* _INPUT DATA_:
BEGIN
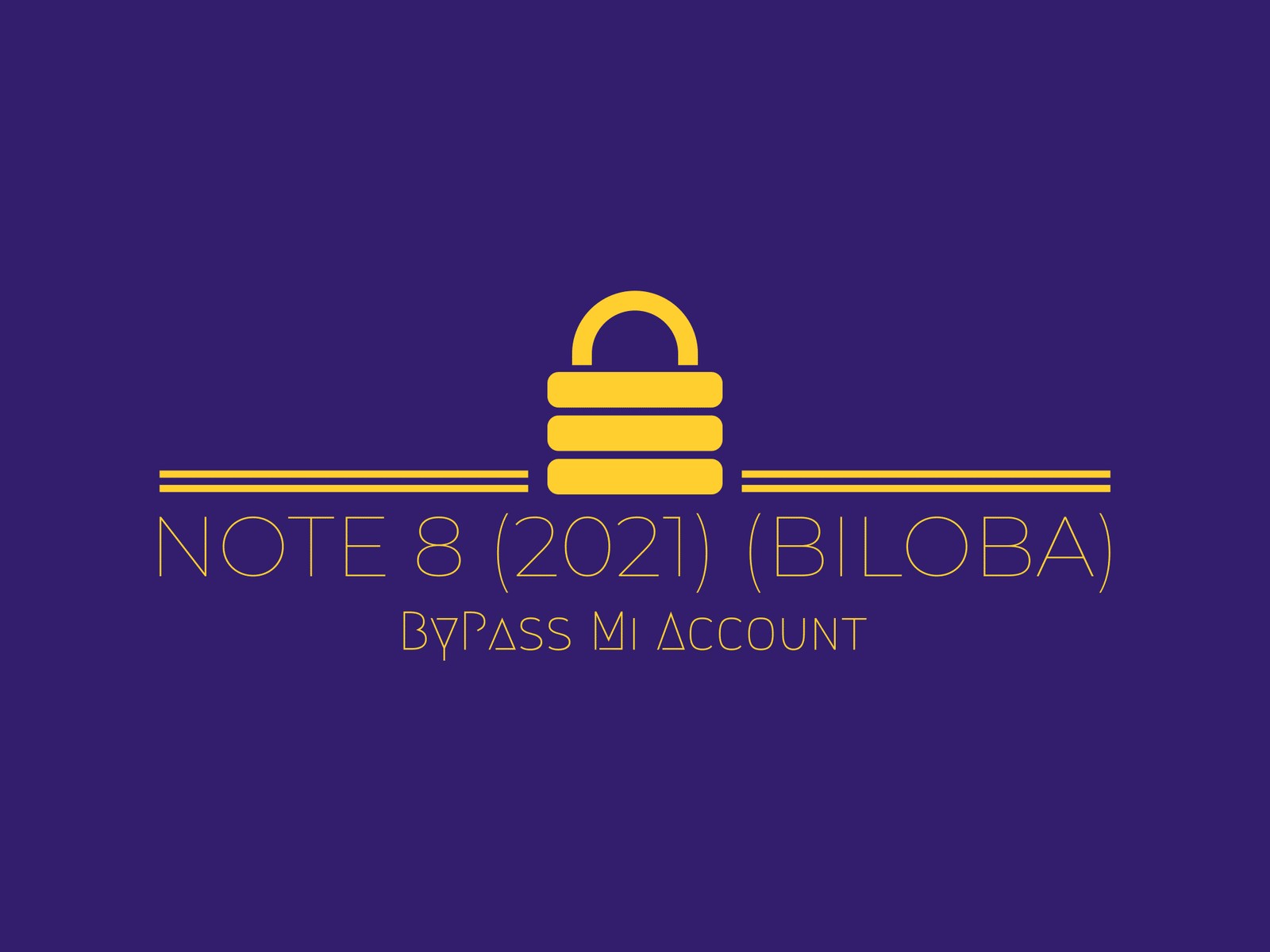 Note 8 (2021) (biloba) no-vpn Rom حذف می اکانت Bypass Mi Account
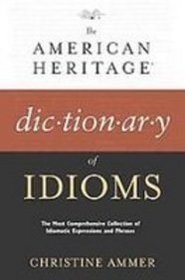 The American Heritage Dictionary of Idioms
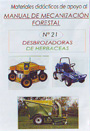 Materiales didácticos de apoyo al Manual de Mecanización Forestal. Nº 21: Desbrozadoras de herbáceas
END
* _WORK TASK_:
Output the full listing verbatim, but drop the images.

* _ANSWER TO THIS PROBLEM_:
 Note 8 (2021) (biloba) no-vpn Rom حذف می اکانت Bypass Mi Account
 The American Heritage Dictionary of Idioms
 Materiales didácticos de apoyo al Manual de Mecanización Forestal. Nº 21: Desbrozadoras de herbáceas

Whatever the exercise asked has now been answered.